THOUGHTS ON THE CRISIS IN UKRAINE

Putin's Poker Face

I.

We have all come across it, the chillingly blank expression, the unblinking stare, the cold hard look as you are told lies; the poker face. Though never having played the card game I am certainly familiar with the concept of the bluff. Looking at the face of Vladimir Putin you know he would be a perfect poker player, it is impossible to read his intentions.
I wrote as recently as two weeks ago that I thought it unlikely that Putin would move quickly on Eastern Ukraine, I was not the only one. We were all wrong. It seems that Putin calculated that his best move was the one least expected. He also appears to have calculated that time is not on his side. From his perspective it is important that the new government in Kiev not be allowed to stabilise and facilitate open and free elections that will then create a legitimacy that the current regime in the Ukrainian capital lacks. He also calculates that the west will hold back from acting too firmly, a consequence of splits between the EU and US and within the EU itself, with Germany in particular being cool about serious sanctions.

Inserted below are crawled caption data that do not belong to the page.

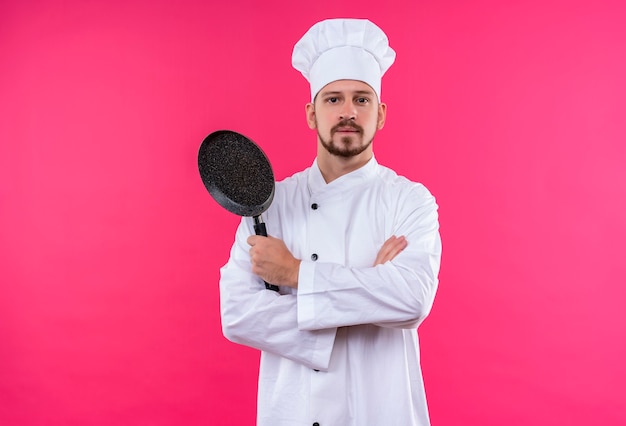 Cocinero cocinero profesional masculino en uniforme blanco y sombrero de cocinero sosteniendo una sartén con los brazos cruzados mirando confiado de pie sobre fondo rosa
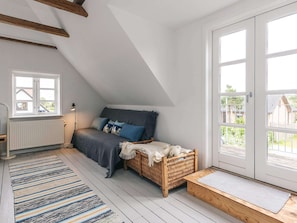 A loft bedroom with a sloped ceiling, a bed with blue pillows, a wicker basket, and a view through a large door.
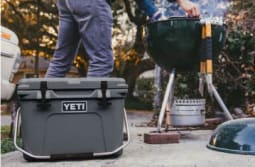 A YETI cooler sits in the foreground while a person uses a smoking kettle grill in the background.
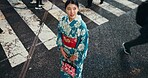 Japanese, woman in traditional dress and walk with city view and travel with journey outdoor. Fashion, adventure and urban street in Kyoto, kimono or dress for culture and style with local trip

As it happens he may have miscalculated. I have been pleasantly surprised by Angela Merkel’s solidity. I worry more about lobbying from the City of London, which will seek to dilute any sanctions likely to damage the wealth of financial institutions and individuals in the City.
Putin is gambling and has consciously raised the stakes, he also has a gun under the table and is likely to use it if the alternative to using it is losing face.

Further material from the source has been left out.